George Band is himself a central figure in that renaissance: a student at Oxford in the early 1950s, he was a keen climber but with very little experience, when a notice on his college notice board presented him with a unique opportunity: an eccentric American geologist was seeking Oxford students to help him with an experiment up in the Alpine glaciers, and offering $100 to each.
"Our big problem at the time was that exchange controls prevented us from taking more than £25 out of the country," he says "so long expeditions were out of the question." Band signed up to the American's slightly crazy experiments and collected the loot. "I stayed out for nine weeks and did 14 climbs, some of them British firsts."
Suddenly he had a brilliant mountaineering CV, and aged 23 was the youngest climber to be picked for the team that conquered Everest in 1953.
Two years later Band and a tiny Mancunian called Joe Brown achieved the climb of a lifetime when they became the first men to reach the top of Kanchenjunga, on what was supposed to be no more than a reccy.
It was the beginning of another brilliant period for British mountaineering, as a new generation of hungry, fiercely ambitious British climbers - reared on the sheer rock of Wales, Scotland and the Pennines - again seized the initiative and with famous climbs on the Matterhorn, the north face of the Eiger and many other slopes, re-establishing British prominence in the Alpine world.
Today the snow in the Alps may be in short supply, making climbs such as the Eiger's north face even more harrowing than in the past.

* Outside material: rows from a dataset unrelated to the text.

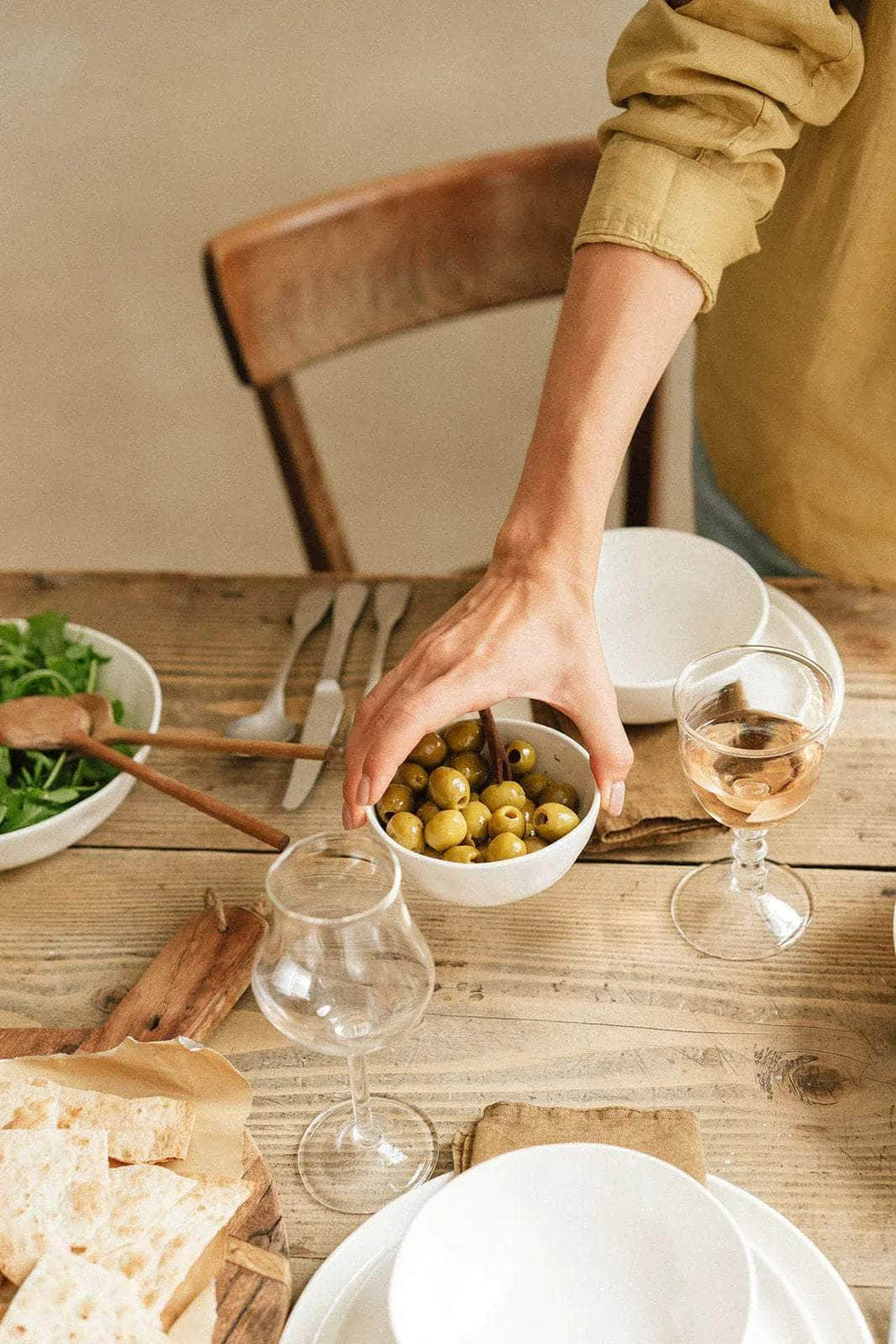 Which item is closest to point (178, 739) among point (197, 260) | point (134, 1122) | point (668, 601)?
point (134, 1122)

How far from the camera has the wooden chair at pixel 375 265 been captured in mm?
1548

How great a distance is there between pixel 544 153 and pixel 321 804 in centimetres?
95

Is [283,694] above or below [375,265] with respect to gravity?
below

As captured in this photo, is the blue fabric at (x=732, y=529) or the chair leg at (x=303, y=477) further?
the chair leg at (x=303, y=477)

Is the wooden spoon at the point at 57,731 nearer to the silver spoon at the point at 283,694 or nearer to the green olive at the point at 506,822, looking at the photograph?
the silver spoon at the point at 283,694

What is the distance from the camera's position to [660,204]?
3.48ft

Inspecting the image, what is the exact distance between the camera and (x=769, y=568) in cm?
144

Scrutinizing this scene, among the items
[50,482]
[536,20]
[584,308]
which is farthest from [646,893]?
[50,482]

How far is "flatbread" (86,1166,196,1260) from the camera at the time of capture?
2.44ft

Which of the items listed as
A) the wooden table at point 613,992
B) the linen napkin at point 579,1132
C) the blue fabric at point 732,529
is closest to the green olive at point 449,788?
the wooden table at point 613,992

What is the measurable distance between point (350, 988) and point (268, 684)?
545 millimetres

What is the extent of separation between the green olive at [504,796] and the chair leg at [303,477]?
0.78 m

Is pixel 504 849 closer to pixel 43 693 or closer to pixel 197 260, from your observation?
pixel 43 693

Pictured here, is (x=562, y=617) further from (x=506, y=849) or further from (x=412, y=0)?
(x=412, y=0) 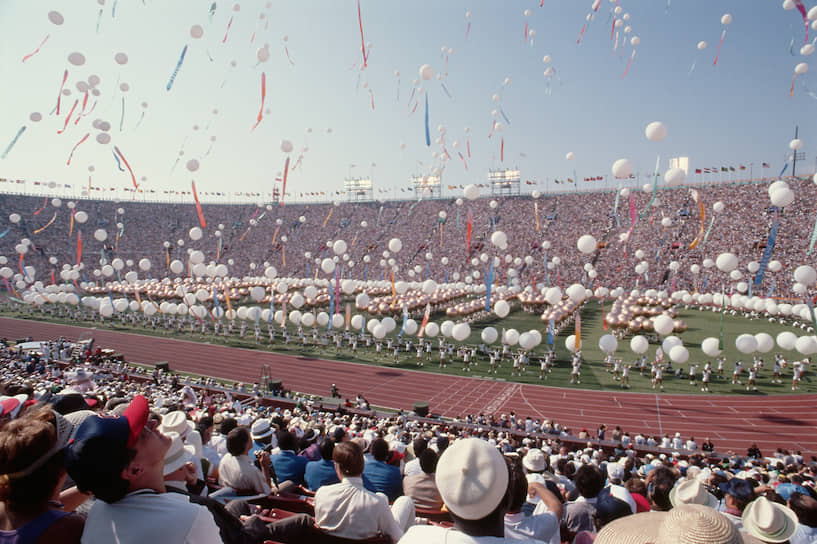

But as Steve Goodwin points out, there is an overabundance of fresh peaks to tackle, whether in eastern Tibet, Tajikistan, Turkey or Patagonia.
Today aged 77, George Band is still taking expeditions up to base camps in the Himalayas. The Alpine Club remains lean and small, with 1,200 members - a mere minnow compared to the mass organisations on the continent. The clergymen have been replaced by the likes of Joe Brown, Sir Chris Bonington and Stephen Venables. The terrors and the trials remain.